La luna, en lo alto, trataba de
imponer su autoridad sobre unas deshilachadas nubes que se paseaban indolentes.
Una ligera brisa arrastró por el sendero hojas dispersas. Su solitario regreso,
tan sólo se veía acompañado por el cantar de los grillos y el ulular de las
lechuzas. El agorero aullido de un perro lejano, le hizo apretar el paso. Al
internarse entre la fronda de los álamos, la noche acentuó las sombras, pero cuando
salió al descampado de su hogar, éste apareció totalmente plateado.
Miguel no pudo evitar el relincho del
roce de la puerta cuando accedió al interior.

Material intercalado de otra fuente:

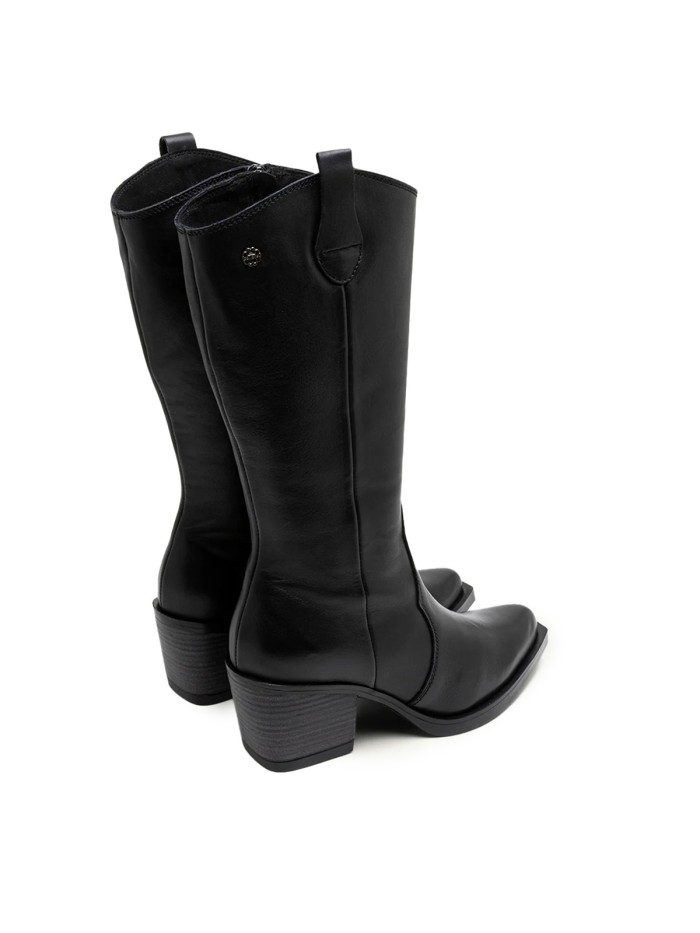 BOTA DE CAÑA ALTA TACÓN MEDIO PORRONET 4755 NEGRO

La cabaña, de tablazón, disponía por
todo mobiliario de una mesa de madera de caballete, un banco corrido, un arcón
donde guardaban las escasas pertenencias y un viejo camastro en cuyo lecho
agonizaba de fiebre la causa de sus plegarias. A su lado, el pequeño José, un
rapaz de tez morena, ojos negros y rebelde cabello, se afanaba con paños húmedos
en mitigar la calentura de su madre. La luz de un candil mantenía en penumbra
la pequeña estancia.
—Buenas noches, padre —le saludó al
entrar.
—Buenas noches, hijo. ¿Alguna mejoría?
—No padre, todo sigue igual.
María llevaba en tan deplorable estado
varios días. Sumida en una tragedia sorda, sin aspavientos, tan sólo en
contadas ocasiones se agitaba respirando angustiada cuando a bocanadas buscaba
el aire que sus pulmones le negaban.
Miguel reparó entonces en la lumbre
del fuego, que, debido a la escasez de combustible, se consumía lentamente como
la salud de la enferma.
—Ve a por leña, José, antes de que la
habitación se quede fría —le dijo a su hijo mientras removía los rescoldos.

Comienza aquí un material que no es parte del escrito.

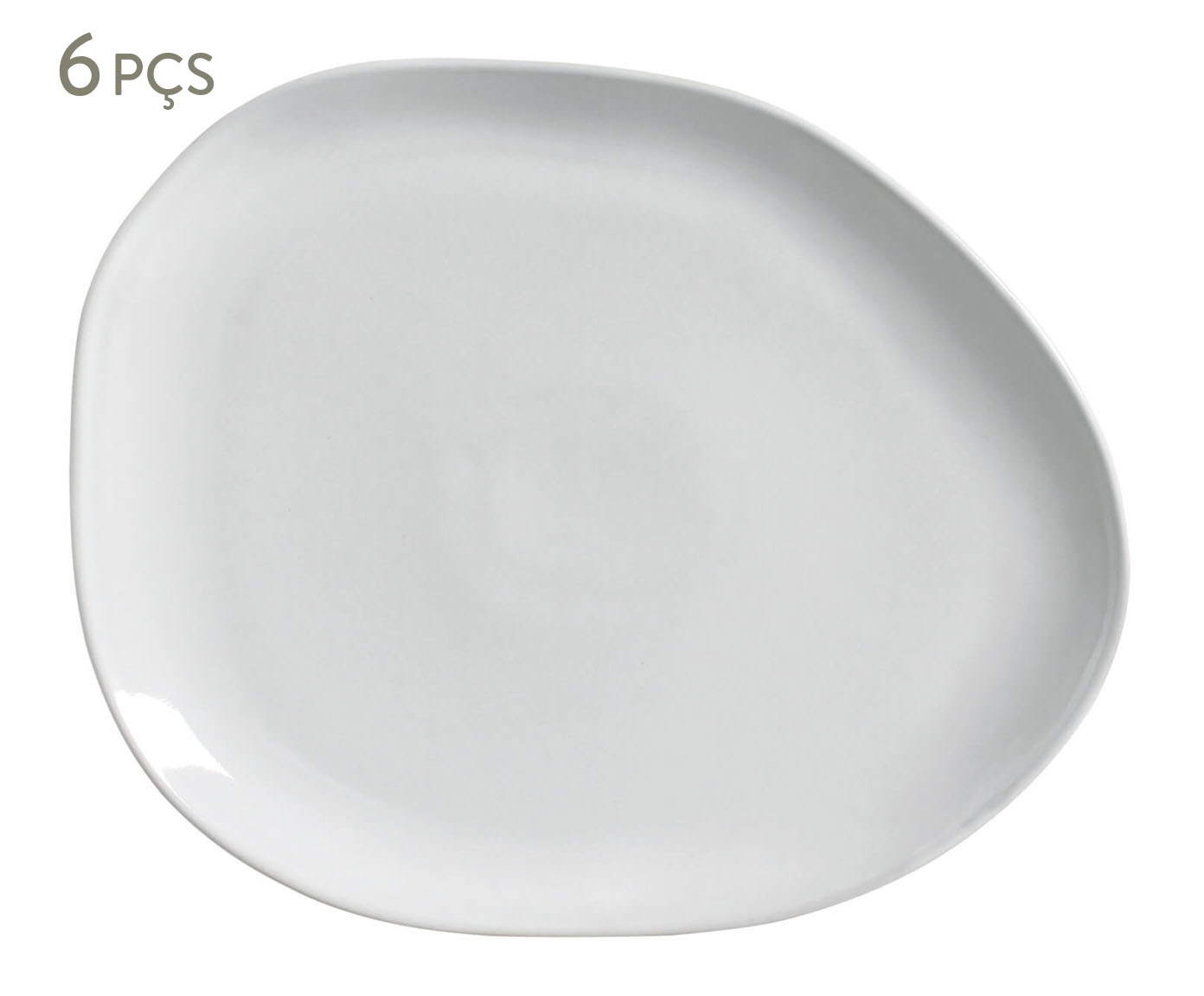 Jogo de Pratos Raso Oval Org&acirc;nico New White - image 0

—Sí, padre —obedeció el zagal.
Miguel tomó asiento entonces en la
banqueta vacía.
—María, ¿me escuchas? Si me escuchas,
intenta decirme algo —le murmuró posando sus manos sobre las de ella.
Pero los labios cuarteados de su mujer
no emitieron sonido alguno y, Miguel, cautivo de su propia impotencia, se
dispuso a deshilar el tiempo a su lado.
Al momento apareció el muchacho, con
varios troncos entre sus brazos. Nada más entrar se apoyó contra la puerta y
con el semblante desencajado los dejó caer al suelo.

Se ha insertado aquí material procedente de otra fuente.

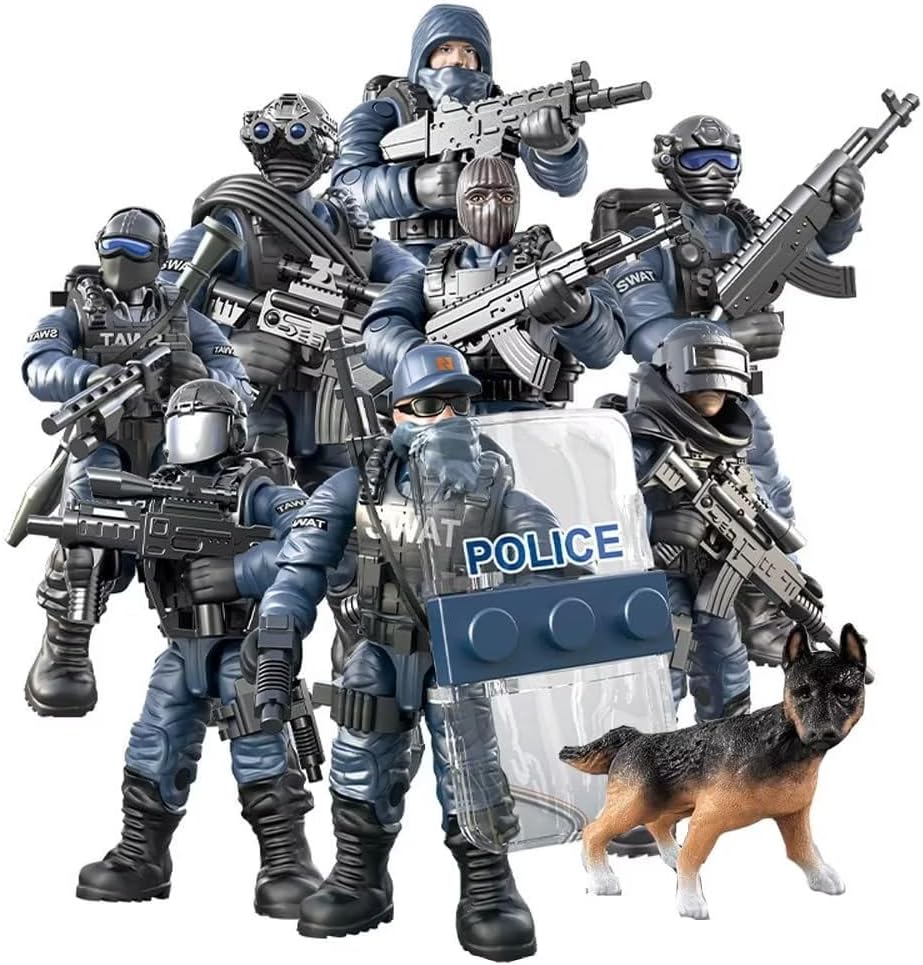 Special Forces Mini Military Action Figure with Weapons and Accessories (Lightning SWAT Team XJ-9902)…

—¿Qué haces? Parece como si hubieses
visto a un fantasma.
—Padre... junto al río… En el chopo
gordo —balbuceó.
—En el chopo gordo, ¿qué?
—Hay alguien. Agazapado. Lo he podido
ver... perfectamente.
—¿Estás seguro?
—Como que estamos aquí, vos y yo. Y
madre, por supuesto.
—Atiende el fuego y cierra la puerta —le
dijo cogiendo una hoz que colgaba de la pared, junto a los utensilios de
labranza.
—¿Adónde va, padre?
—A ver qué es esa sombra.
Miguel, nada más salir, se ocultó
entre los árboles y dando un rodeo salió a la parte posterior del chopo de
tronco gigante. Silenciosamente se arrastró entre la broza y hojarasca hasta
descubrir la sombra de una silueta que se encontraba tumbada y de espaldas a
él, mirando hacia su casa.
Miguel surgió de la espesura
blandiendo la hoz por encima de su cabeza y gritando:
—¡Vive, Dios! ¿Qué buscáis aquí?
—Cuartel, por favor. Os lo suplico,
señor. Por caridad.
La rogativa de la sorprendida
noctámbula, fue acompañada por un gran gesto de pánico. Inconscientemente
encogió sus piernas y extendió sus brazos al aire con las palmas de sus manos
abiertas, como intentando resguardarse del inminente peligro que se le venía
encima. Miguel se quedó perplejo, al comprobar que la sospechosa sombra se
había convertido en una chiquilla que no tendría más allá de quince años.
Miguel, bajó la hoz.
—¡Santo Cristo! ¡Qué susto! —exclamó.
—¿Vos estáis asustado?
—¿De
dónde sales, pequeña? —le preguntó sonriendo por el espontáneo comentario.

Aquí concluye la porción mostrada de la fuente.